(Records drawn from a dataset)
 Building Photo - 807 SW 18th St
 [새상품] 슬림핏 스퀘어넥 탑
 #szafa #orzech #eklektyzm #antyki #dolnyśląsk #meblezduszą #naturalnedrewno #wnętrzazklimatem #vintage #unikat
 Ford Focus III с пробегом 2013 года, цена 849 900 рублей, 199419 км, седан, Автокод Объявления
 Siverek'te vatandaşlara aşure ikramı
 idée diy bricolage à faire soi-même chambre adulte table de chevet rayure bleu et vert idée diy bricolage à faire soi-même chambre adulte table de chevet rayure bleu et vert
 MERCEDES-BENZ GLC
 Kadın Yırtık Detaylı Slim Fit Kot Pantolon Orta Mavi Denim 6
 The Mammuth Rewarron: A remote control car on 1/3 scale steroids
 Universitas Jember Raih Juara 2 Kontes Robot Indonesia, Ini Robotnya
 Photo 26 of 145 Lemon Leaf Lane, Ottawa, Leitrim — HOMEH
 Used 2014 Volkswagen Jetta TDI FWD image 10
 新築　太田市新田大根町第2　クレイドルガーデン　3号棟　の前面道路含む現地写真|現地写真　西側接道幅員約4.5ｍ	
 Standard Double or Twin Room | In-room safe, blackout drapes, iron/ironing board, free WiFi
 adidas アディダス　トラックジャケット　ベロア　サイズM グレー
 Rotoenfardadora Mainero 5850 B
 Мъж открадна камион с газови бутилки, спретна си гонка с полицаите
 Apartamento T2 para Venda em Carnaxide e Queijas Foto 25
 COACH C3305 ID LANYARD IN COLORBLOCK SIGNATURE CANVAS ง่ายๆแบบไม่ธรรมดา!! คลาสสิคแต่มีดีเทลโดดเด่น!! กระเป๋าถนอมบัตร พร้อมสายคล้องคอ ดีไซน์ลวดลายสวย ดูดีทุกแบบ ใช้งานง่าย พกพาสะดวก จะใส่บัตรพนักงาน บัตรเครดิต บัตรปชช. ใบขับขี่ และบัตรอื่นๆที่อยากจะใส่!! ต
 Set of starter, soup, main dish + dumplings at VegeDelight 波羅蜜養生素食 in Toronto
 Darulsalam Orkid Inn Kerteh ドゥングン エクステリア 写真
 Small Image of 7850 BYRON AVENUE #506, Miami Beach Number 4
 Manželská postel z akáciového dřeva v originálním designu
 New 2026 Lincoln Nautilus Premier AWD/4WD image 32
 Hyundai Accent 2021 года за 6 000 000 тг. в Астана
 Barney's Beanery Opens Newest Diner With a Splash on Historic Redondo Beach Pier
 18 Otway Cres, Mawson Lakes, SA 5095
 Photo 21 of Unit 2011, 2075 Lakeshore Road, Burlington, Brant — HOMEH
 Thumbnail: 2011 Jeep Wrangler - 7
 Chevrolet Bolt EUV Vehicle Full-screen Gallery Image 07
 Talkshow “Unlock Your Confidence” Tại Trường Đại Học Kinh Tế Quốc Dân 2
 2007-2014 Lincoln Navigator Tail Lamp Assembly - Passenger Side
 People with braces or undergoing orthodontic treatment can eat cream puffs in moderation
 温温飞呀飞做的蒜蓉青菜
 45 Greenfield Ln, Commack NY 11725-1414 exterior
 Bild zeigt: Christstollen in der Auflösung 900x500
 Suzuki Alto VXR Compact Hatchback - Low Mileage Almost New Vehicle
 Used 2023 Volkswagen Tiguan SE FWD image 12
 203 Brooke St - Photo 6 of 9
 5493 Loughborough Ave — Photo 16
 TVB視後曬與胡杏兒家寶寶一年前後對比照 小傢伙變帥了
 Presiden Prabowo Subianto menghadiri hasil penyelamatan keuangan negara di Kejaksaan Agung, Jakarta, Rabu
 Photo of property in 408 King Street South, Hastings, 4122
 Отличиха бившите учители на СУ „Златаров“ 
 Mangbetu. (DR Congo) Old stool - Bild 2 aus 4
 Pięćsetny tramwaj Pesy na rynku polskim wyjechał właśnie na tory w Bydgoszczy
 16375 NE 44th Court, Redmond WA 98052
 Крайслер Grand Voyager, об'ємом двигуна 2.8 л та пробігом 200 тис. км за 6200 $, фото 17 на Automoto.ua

» **Problem to work on**
Return the data above in full. Keep every line exactly as it is.

» **Task solution**
 Building Photo - 807 SW 18th St
 [새상품] 슬림핏 스퀘어넥 탑
 #szafa #orzech #eklektyzm #antyki #dolnyśląsk #meblezduszą #naturalnedrewno #wnętrzazklimatem #vintage #unikat
 Ford Focus III с пробегом 2013 года, цена 849 900 рублей, 199419 км, седан, Автокод Объявления
 Siverek'te vatandaşlara aşure ikramı
 idée diy bricolage à faire soi-même chambre adulte table de chevet rayure bleu et vert idée diy bricolage à faire soi-même chambre adulte table de chevet rayure bleu et vert
 MERCEDES-BENZ GLC
 Kadın Yırtık Detaylı Slim Fit Kot Pantolon Orta Mavi Denim 6
 The Mammuth Rewarron: A remote control car on 1/3 scale steroids
 Universitas Jember Raih Juara 2 Kontes Robot Indonesia, Ini Robotnya
 Photo 26 of 145 Lemon Leaf Lane, Ottawa, Leitrim — HOMEH
 Used 2014 Volkswagen Jetta TDI FWD image 10
 新築　太田市新田大根町第2　クレイドルガーデン　3号棟　の前面道路含む現地写真|現地写真　西側接道幅員約4.5ｍ	
 Standard Double or Twin Room | In-room safe, blackout drapes, iron/ironing board, free WiFi
 adidas アディダス　トラックジャケット　ベロア　サイズM グレー
 Rotoenfardadora Mainero 5850 B
 Мъж открадна камион с газови бутилки, спретна си гонка с полицаите
 Apartamento T2 para Venda em Carnaxide e Queijas Foto 25
 COACH C3305 ID LANYARD IN COLORBLOCK SIGNATURE CANVAS ง่ายๆแบบไม่ธรรมดา!! คลาสสิคแต่มีดีเทลโดดเด่น!! กระเป๋าถนอมบัตร พร้อมสายคล้องคอ ดีไซน์ลวดลายสวย ดูดีทุกแบบ ใช้งานง่าย พกพาสะดวก จะใส่บัตรพนักงาน บัตรเครดิต บัตรปชช. ใบขับขี่ และบัตรอื่นๆที่อยากจะใส่!! ต
 Set of starter, soup, main dish + dumplings at VegeDelight 波羅蜜養生素食 in Toronto
 Darulsalam Orkid Inn Kerteh ドゥングン エクステリア 写真
 Small Image of 7850 BYRON AVENUE #506, Miami Beach Number 4
 Manželská postel z akáciového dřeva v originálním designu
 New 2026 Lincoln Nautilus Premier AWD/4WD image 32
 Hyundai Accent 2021 года за 6 000 000 тг. в Астана
 Barney's Beanery Opens Newest Diner With a Splash on Historic Redondo Beach Pier
 18 Otway Cres, Mawson Lakes, SA 5095
 Photo 21 of Unit 2011, 2075 Lakeshore Road, Burlington, Brant — HOMEH
 Thumbnail: 2011 Jeep Wrangler - 7
 Chevrolet Bolt EUV Vehicle Full-screen Gallery Image 07
 Talkshow “Unlock Your Confidence” Tại Trường Đại Học Kinh Tế Quốc Dân 2
 2007-2014 Lincoln Navigator Tail Lamp Assembly - Passenger Side
 People with braces or undergoing orthodontic treatment can eat cream puffs in moderation
 温温飞呀飞做的蒜蓉青菜
 45 Greenfield Ln, Commack NY 11725-1414 exterior
 Bild zeigt: Christstollen in der Auflösung 900x500
 Suzuki Alto VXR Compact Hatchback - Low Mileage Almost New Vehicle
 Used 2023 Volkswagen Tiguan SE FWD image 12
 203 Brooke St - Photo 6 of 9
 5493 Loughborough Ave — Photo 16
 TVB視後曬與胡杏兒家寶寶一年前後對比照 小傢伙變帥了
 Presiden Prabowo Subianto menghadiri hasil penyelamatan keuangan negara di Kejaksaan Agung, Jakarta, Rabu
 Photo of property in 408 King Street South, Hastings, 4122
 Отличиха бившите учители на СУ „Златаров“ 
 Mangbetu. (DR Congo) Old stool - Bild 2 aus 4
 Pięćsetny tramwaj Pesy na rynku polskim wyjechał właśnie na tory w Bydgoszczy
 16375 NE 44th Court, Redmond WA 98052
 Крайслер Grand Voyager, об'ємом двигуна 2.8 л та пробігом 200 тис. км за 6200 $, фото 17 на Automoto.ua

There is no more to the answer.